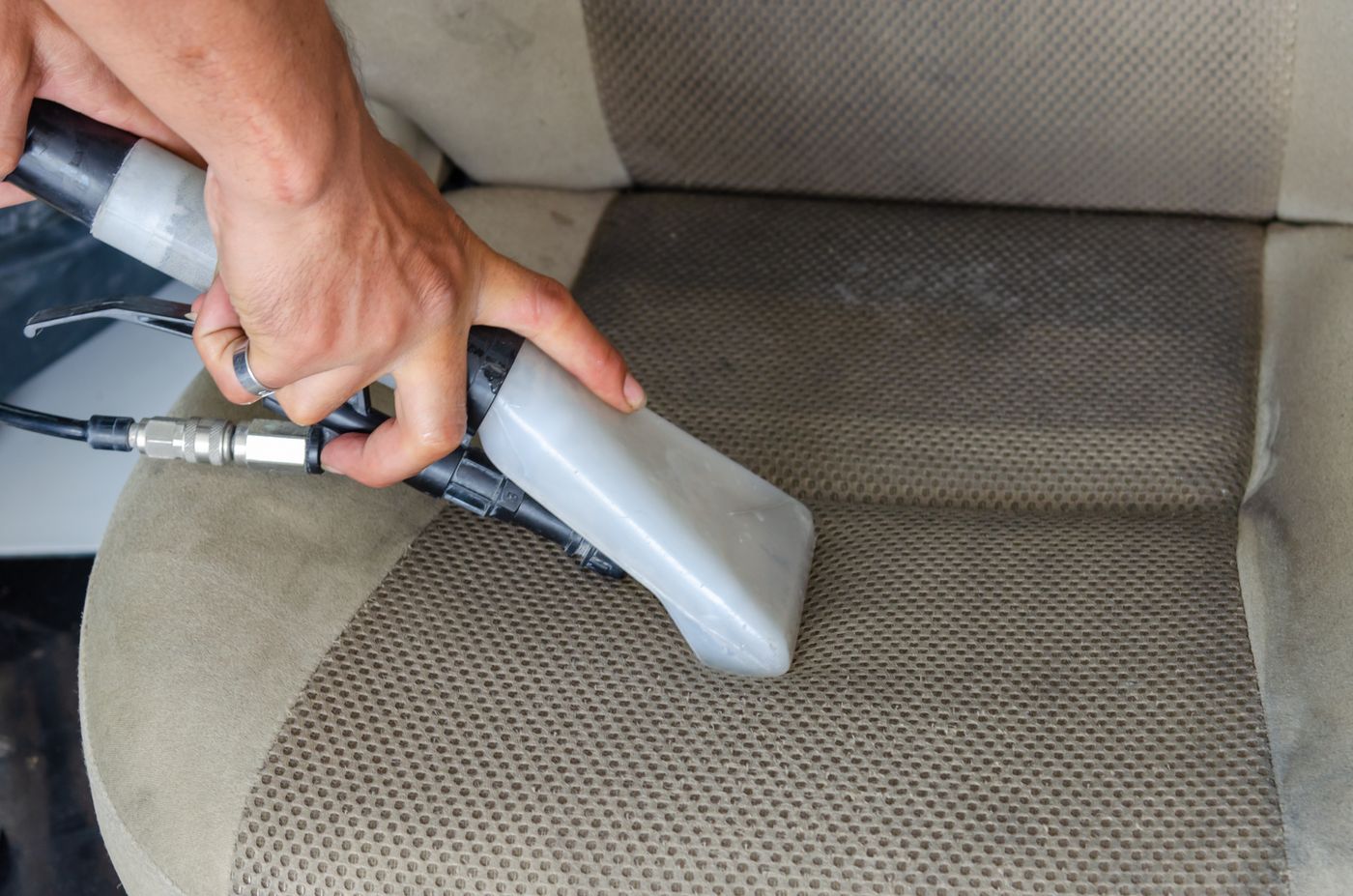 Innenreinigung: Autositz wird mit einem Reinigungsgerät behandelt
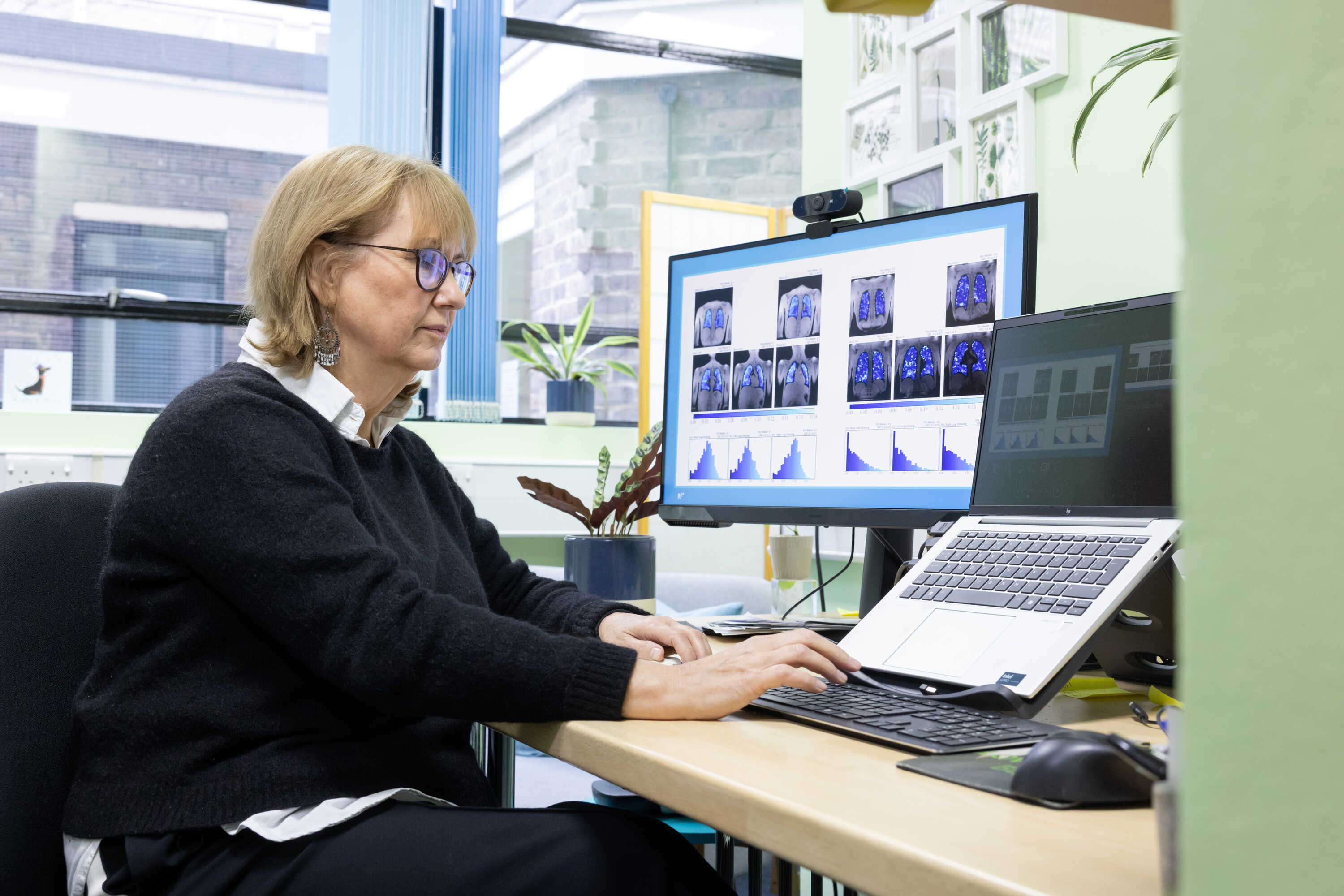 Professor Jane Davies sat at her desk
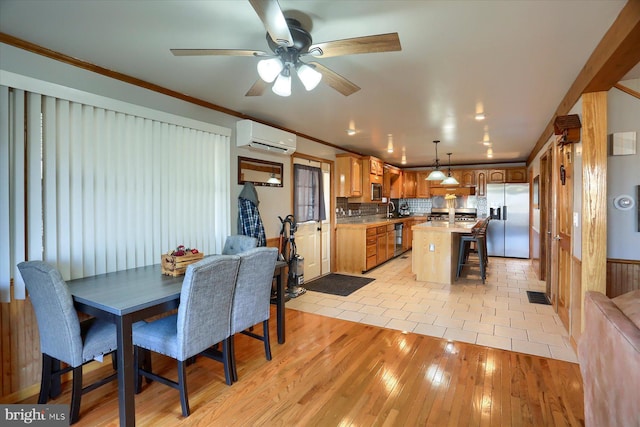 kitchen featuring a center island, an AC wall unit, ornamental molding, stainless steel refrigerator with ice dispenser, and a sink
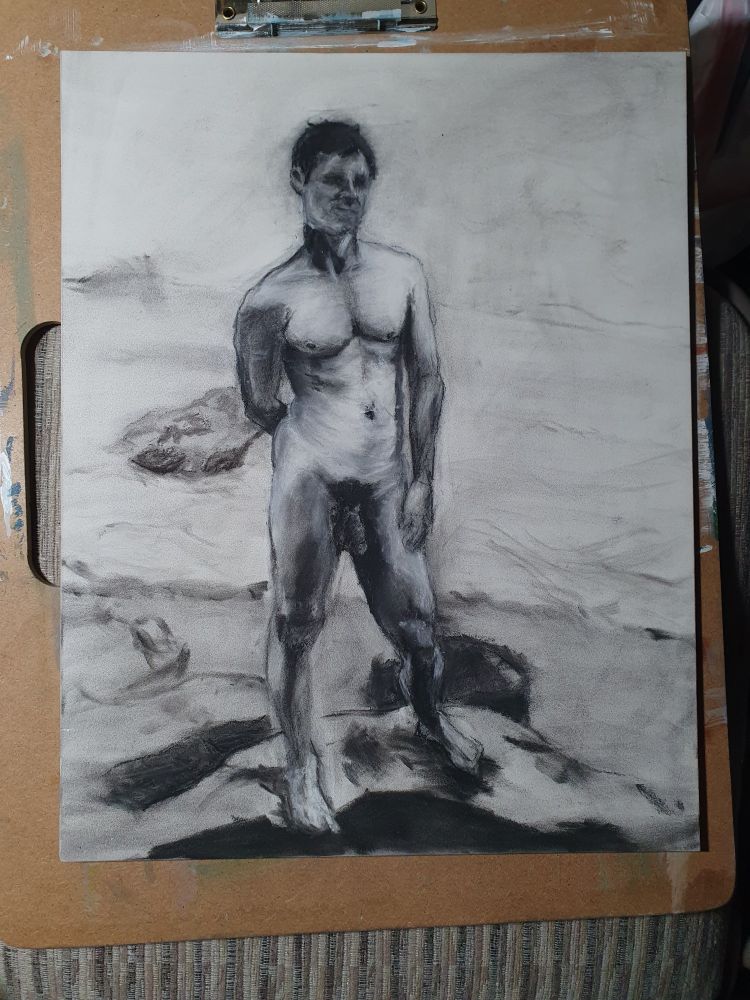 Male figure on rocks along San Francisco coast line.  Drawing done in charcoal.  WIP
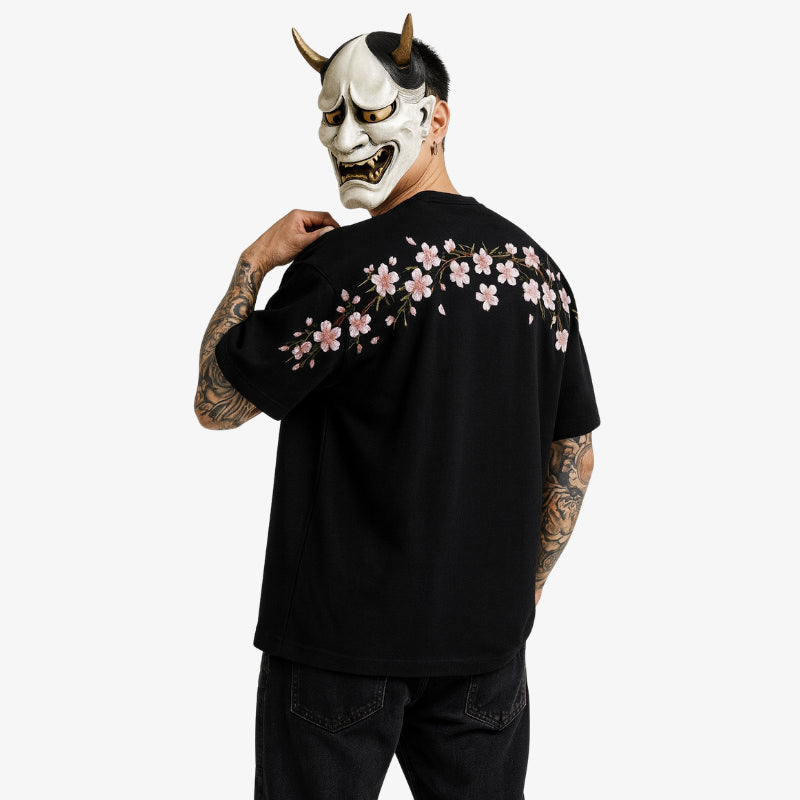 Persona con una Camiseta-Sakura negra con diseños florales japoneses, sosteniendo una máscara Hannya con cuernos y una expresión feroz.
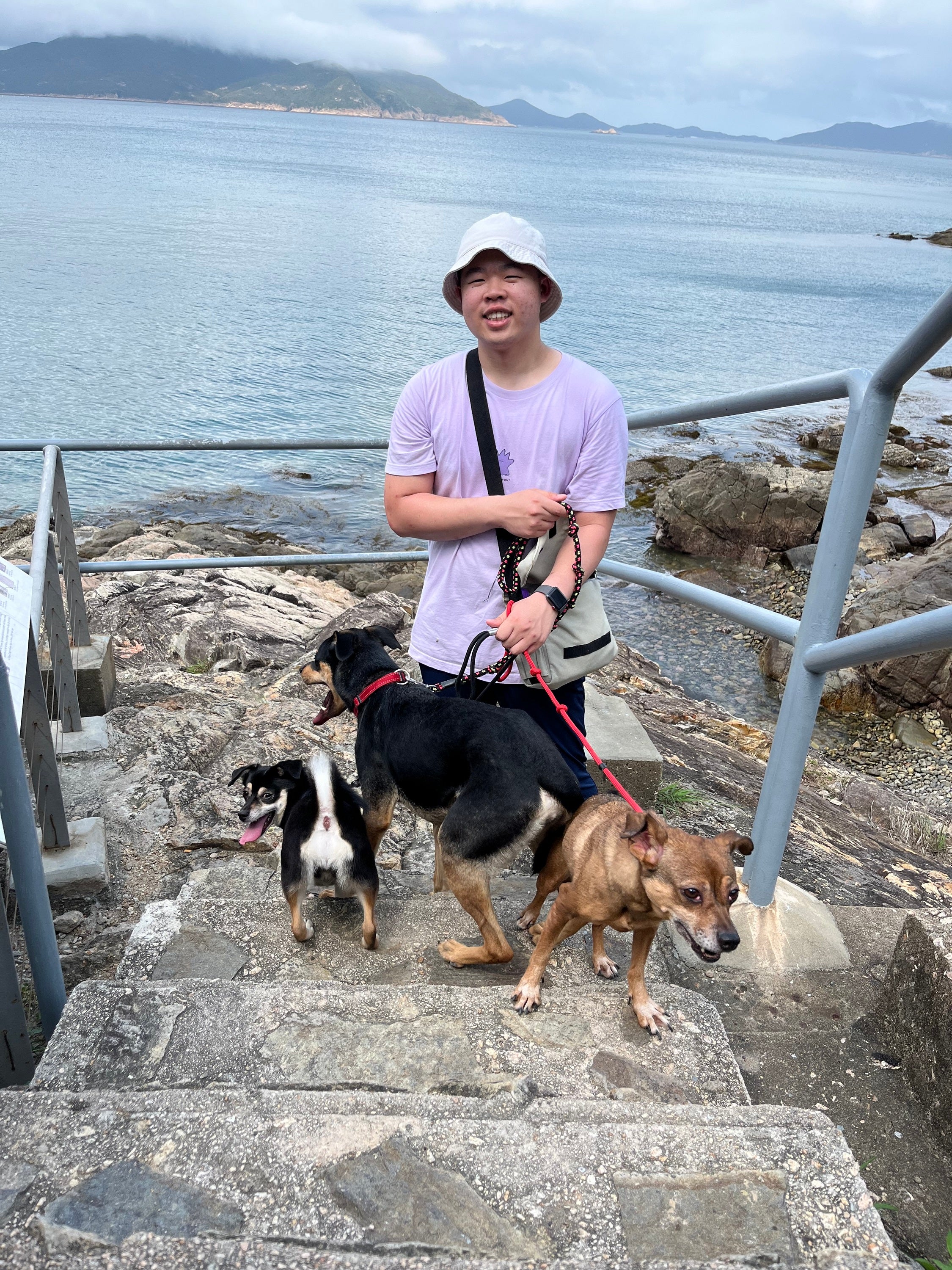 Full body shot of Donald with three dogs in front of a body of water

▶ [EXERCISE OBJECTIVE]: Retype the lines starting with the one that holds "kitchen featuring a" and ending with the last line of the data above, both included; skip the pictures.

▶ [ANSWER SECTION]:
 kitchen featuring a center island, an AC wall unit, ornamental molding, stainless steel refrigerator with ice dispenser, and a sink
 Male figure on rocks along San Francisco coast line.  Drawing done in charcoal.  WIP
 Persona con una Camiseta-Sakura negra con diseños florales japoneses, sosteniendo una máscara Hannya con cuernos y una expresión feroz.
 Full body shot of Donald with three dogs in front of a body of water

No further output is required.